I used the Sophie-Germain Identity to do partial fraction decomposition and used complex numbers to arrive there. · 3 years, 8 months ago

Really? That's possible? I got stuck halfway and can't continue.

If it's better than Brian Chen's answer, that is if you don't need to use Poisson summation formula, I would like to know... · 3 years, 8 months ago

Use partial fraction and reflection formula for poly gamma function to prove that. · 1 year, 1 month ago

Excellent progress, 7 points. Can you finish the proof using the hint? · 3 years, 8 months ago

Has anyone proven the first step? If not, I'd like to take a shot. · 3 years, 8 months ago

Do I really need the knowledge of Fourier to really understand or maybe Riemann Zeta Function? · 3 years, 8 months ago

how do you write the solution · 3 years, 8 months ago

Hint: this problem is related to this problem. · 3 years, 8 months ago

You should probably clear up any ambiguity relating to the fact that you used $$a, b$$ as dummy variables and also in the answer form. · 3 years, 8 months ago

Fixed. · 3 years, 8 months ago

Hint #2: Sophie-Germain Identity · 3 years, 8 months ago

I'm still waiting for an explanation of how this helps, and I bet I'm not the only one ;-) · 3 years, 8 months ago

See my comment under Pi Han Goh's comment. · 3 years, 8 months ago

cody i wanna ask you that how can i submit my solution .... using all the maths terms??? please help · 3 years, 8 months ago

Just post your solution to this thread. · 3 years, 8 months ago

what is this equation · 3 years, 8 months ago

I've always wondered this, what does the notation mean when you have two sigmas next to each other? Does this mean that they both start at 1, then both go to 2, then both go to 3? Or does it mean the sum of a = 1 and b = 1 to infinity, the sum of a = 2 and b = 1 to infinity, the sum of a = 3 and b =1 to infinity, etc..?
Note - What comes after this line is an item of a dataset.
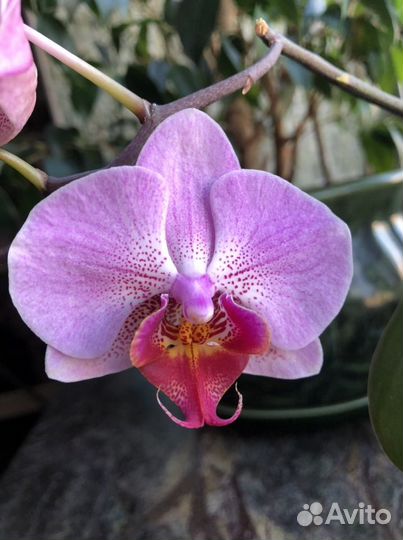Орхидея фаленопсис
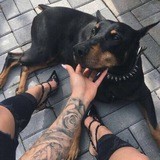 твой бывший пиздабол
From this problem I think it's the latter or else it would just be stated as "$$\displaystyle \sum_{a = 1}^{\infty} \frac{1}{5a^4}$$. · 3 years, 8 months ago

$\displaystyle \sum_{a=1}^m \displaystyle\sum_{b=1}^n f(a, b)$ means $\displaystyle \sum_{a=1}^m \left(\displaystyle\sum_{b=1}^n f(a, b)\right),$ or $(f(1, 1) + f(1, 2) + \ldots + f(1, n)) \\+ (f(2, 1) + f(2, 2) + \ldots + f(2, n)) \\+ \ldots \\ + (f(m, 1) + f(m, 2) + \ldots + f(m, n)).$

In other words, we evaluate the inner sums first, taking outside variables as constant.

Note that (in this example at least) we could switch the order of the summation symbols, to get $\displaystyle \sum_{b=1}^n \displaystyle\sum_{a=1}^m f(a, b)$ or $(f(1, 1) + f(2, 1) + \ldots + f(m, 1)) \\+ (f(1, 2) + f(2, 2) + \ldots + f(m, 2)) \\+ \ldots \\ + (f(1, n) + f(2, n) + \ldots + f(m, n)).$

See how these two are actually the same? · 3 years, 8 months ago

Be careful with limits to infinity. You cannot just interchange the order of summation, as that can affect the sum itself. Analysis deals with this, and one of the results is that if the sequence converges absolutely to a finite value, then we can rearrange the terms and it will still converge to the same (finite) value.

For fun, take the sequence $$- \frac{1}{i}$$, and rearrange terms to get get it to converge to any value that you wish. The absolute value of this sequence is the harmonic sequence $$\frac{1}{i}$$, which sums to infinity. Staff · 3 years, 8 months ago

And if you're a computer-sciency type of person, the first way to write it is the same as

int S=0;
for (int a=1; a<=m; a++)
for (int b=1; b<=n; b++)
S += f(a, b);
return S;


and the second way is the same as

int S=0;
for (int b=1; b<=n; b++)
for (int a=1; a<=m; a++)
S += f(a, b);
return S;


which both return the same number. · 3 years, 8 months ago

$$p + q = 292$$ · 3 years, 8 months ago